|USS Sage (AM-111)|
|Career (United States)|
|Name:||USS Sage (AM-111)|
|Builder:||Winslow Marine Railway and Shipbuilding Company, Winslow, Washington|
|Laid down:||29 July 1942|
|Launched:||21 November 1942|
|Commissioned:||23 August 1943|
|Recommissioned:||16 March 1951|
|Decommissioned:||19 April 1955|
|Reclassified:||MSF-111, 7 February 1955|
|Struck:||1 July 1972|
|8 battle stars (World War II)|
|Fate:||Sold to Mexico, 1973|
|Name:||ARM Hermenegildo Galeana (C86)|
|Acquired:||4 November 1973|
|Renamed:||ARM Mariano Matamoros (P117), 1993|
Sage was laid down on 29 July 1942 by the Winslow Marine Railway and Shipbuilding Company, Winslow, Washington; launched on 21 November 1942; sponsored by Miss Shirley Woodman; and commissioned on 23 August 1943, Lt.
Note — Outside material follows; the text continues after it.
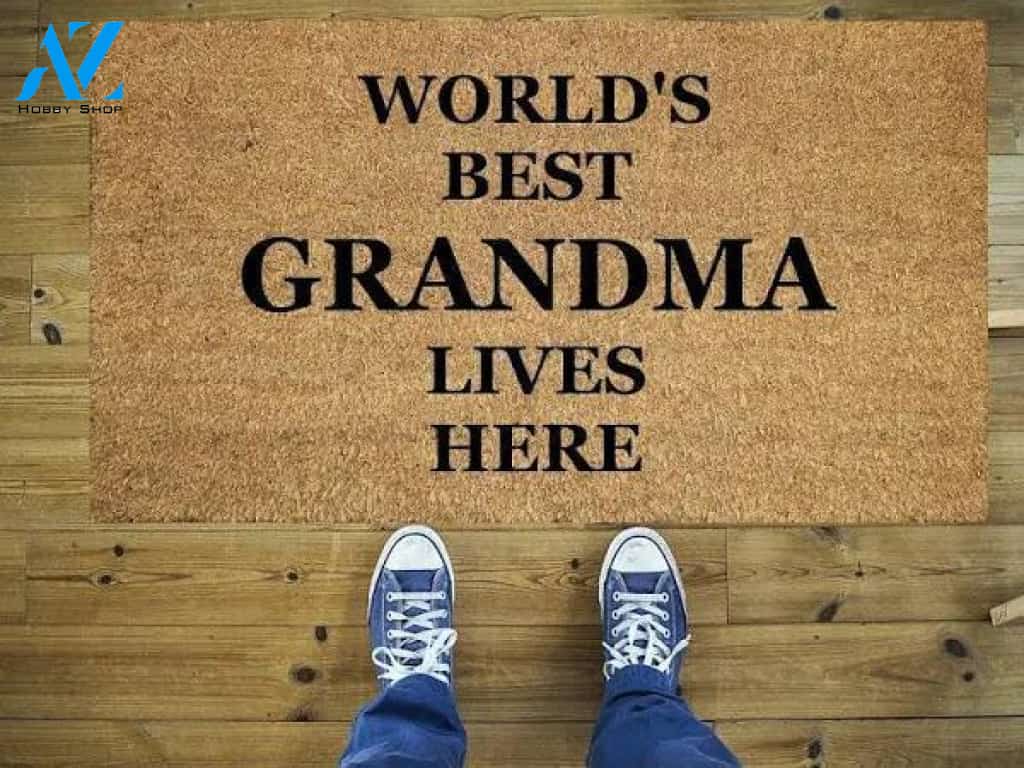 World's Best Grandma Lives Here Indoor and Outdoor Doormat Warm House Gift Welcome Mat Gift for Friend Family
Franklyn K. Zinn, USNR, in command.
- 1 World War II Pacific operations
- 2 Stateside overhaul
- 3 Leyte Gulf operations
- 4 Operating with the Mindoro Attack Force
- 5 Subic Bay operations
- 6 Patrol assignment
- 7 Post-War inactivation
- 8 Recommissioning for East Coast operations
- 9 Final decommissioning
- 10 Awards
- 11 Mexican Navy service
- 12 Notes
- 13 References
- 14 External links
World War II Pacific operations[edit | edit source]
Following shakedown off the California coast, Sage moved west to Pearl Harbor. Arriving on 20 October, she departed again on the 28th; proceeded to Midway Island, whence she provided escort services to the Ellice and Phoenix Islands; then returned to Hawaii. Through December 1943 and into January 1944, she conducted minesweeping exercises and experiments and was altered to carry a small support landing craft. On 22 January, she embarked a hydrographic party; and, on the 23rd, she sortied with Task Force 51, the Marshall Islands assault force.
On the 31st, Sage commenced minesweeping and hydrographic survey operations at Majuro; and, four days later, shifted to Kwajalein. For the next week, she alternated antisubmarine patrols with sonar watch duty at the entrance to the lagoon. On 11 February, she and three other AM's tracked and attacked a possible submarine one mile off Gea, but the depth charges they dropped seemingly inflicted little or no damage. On the 15th, however, she sailed with Task Group 51.11 for Eniwetok; and, the same day, joined the destroyers Phelps (DD-360) and Macdonough (DD-351) in sinking the Japanese submarine RO-40.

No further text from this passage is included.